By Jan Worth-Nelson
It’s tough to greet you, dear readers, at a time on the calendar which is supposed to be about abundance, when millions of Americans do not know where their next meal will come from or how they will provide for their children in the coming months – through no fault of their own.
After EVM editor Kate Stockrahm asked me to offer a Village Life column for this month, I dug up one from my essay collection from 2007, believe it or not, that celebrated the word “cornucopia.”
This was, of course, a Thanksgiving column, noting what it is sometimes like to assemble around the table as families, with way too much food, way too much of everything. But it is a naïve luxury these days to engage in breezy affirmations of surfeit.
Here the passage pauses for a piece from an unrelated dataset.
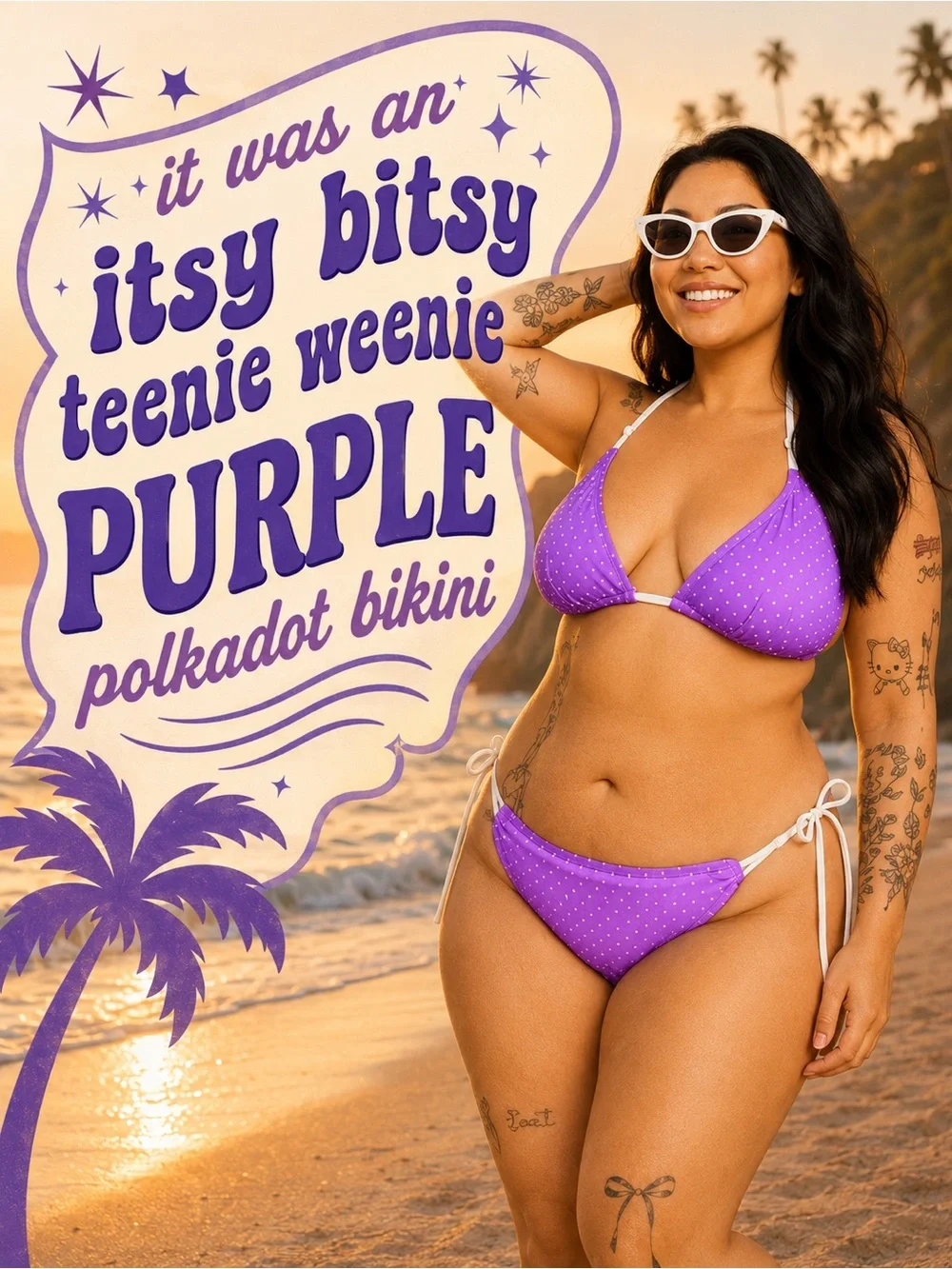 Torrid Retro Purple & White Polkadot String Bikini Swimsuit, 1X, NWT!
It is infuriating that the cornucopia, that symbol of abundance, now seems tone deaf and inappropriate. As Heather Cox Richardson recently asked with her customary clarity, “What are we doing, folks?”
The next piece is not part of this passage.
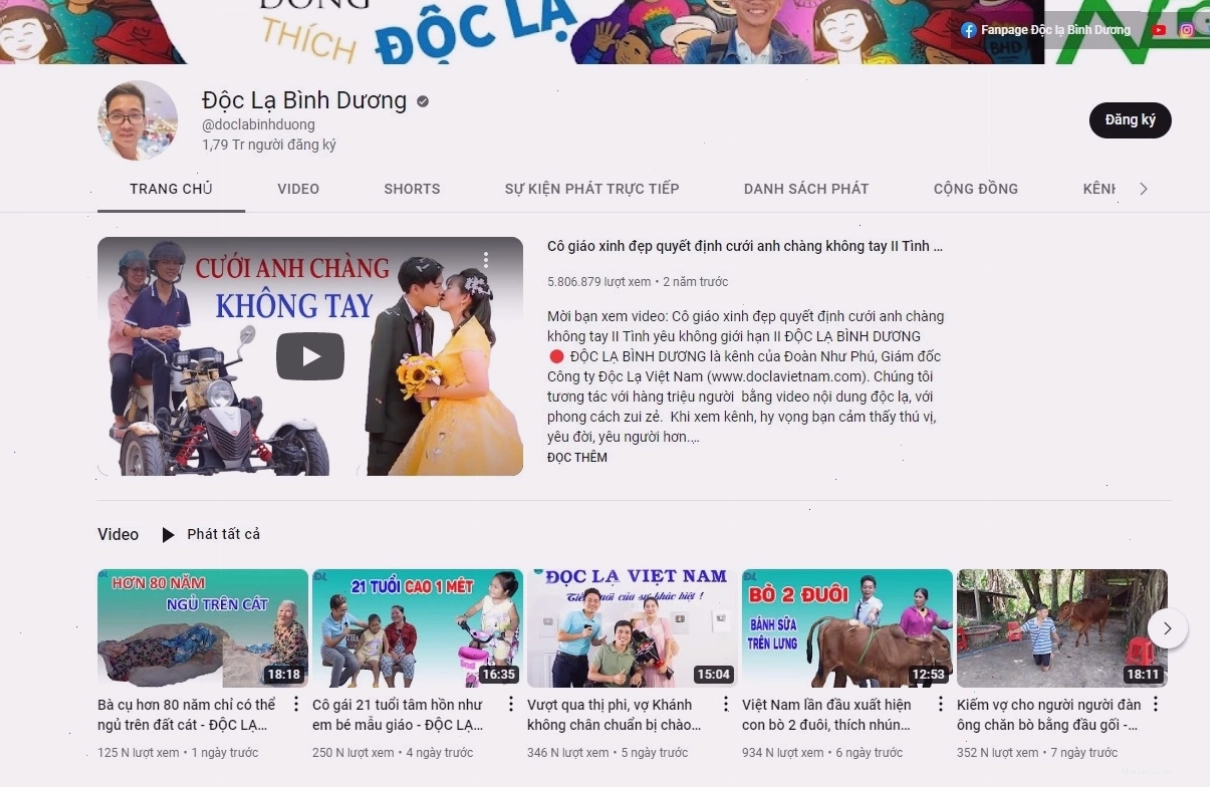 Minh họa các video hài hước về Độc Lạ Bình Dương trên TikTok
And, as Michelle Obama recently confessed to Stephen Colbert regarding the demolition of the White House’s East Wing, my response is: “I’m lost.”
“It makes me confused,” Obama said. “What are our norms? What are our standards? What are our traditions? … What is important to us as a nation anymore? Because I’m lost.”
She noted there had been “a whole standard of norms and rules that we followed to a T – that we painstakingly tried to uphold –because it was bigger than us,” and that, “as a country,” we have to decide what rules we are following and who is to abide by them. “And I hope that more Americans feel lost in a way that they want to be found again, because it is up to us to find what we’re losing,” she concluded.
I feel it. These last few years, I feel like I have to some extent disappeared from myself, have disappeared from who I thought I was and what I could expect from the world. I know I am not alone in this.
From the darker troughs recently, yes, I have heard the calls from my periphery about joy – about joy as a form of resistance, of joy as self-care, bringing light to our days as we approach Winter Solstice.
But some days those calls are empty echoes, hard to hear and act on. What are those sources of joy? Allow me to consider a few.
For me, one is turning to the natural world. It costs nothing to get outside, to get off the couch or get out of the car at ForMar Nature Preserve. I’ve been going out there almost every day, taking long walks, breathing, taking photos of the beautiful changing landscape of trees, sky, water.
And how about singing? One of the sweetest afternoons in my life lately was joining a hundred others at the Unitarian Universalist church for a community singalong.
Longtime beloved musicians Mustard’s Retreat – Flint native Libby Glover and David Tamulevich – along with Dan Hall and Matt Watroba, led us in what to me was a blissful two hours of singing. I went with my neighbors Larry and Ann, and all three of us warbled along – we were ourselves a little harmonizing trio – through a dozen or more old songs most of us in the notably gray-haired crowd have known and loved for years.
I suggest if there’s anything we need to learn from these difficult times, it’s that we can’t just think about ourselves. Singing in harmony is a perfect metaphor for what we need. Ah, a connection between the two threads of this column: the need to retain joy and the need to join as a community to help each other. The first can be a direct gift of the second.
Our neighbors need us. The children need us. This is no joke, and we are learning we can’t count on politicians of either or any party to save us and each other from tough times. This is a time for individual actions that together can become collective love, collectively creating abundance for the community. At EVM, that looks like sharing resources (like where to find a free turkey or meal this Thanksgiving) and updating our online articles as more organizations and individuals join the effort.
Remember the word “Thanksgiving” is not just about thanks, but about giving. Let’s open our hearts, take walks, keep singing, and spread the joy of helping each other through the struggle. Let’s make sure the children have an abundant table now and into the future. Let’s not be lost. Together, let’s be found again.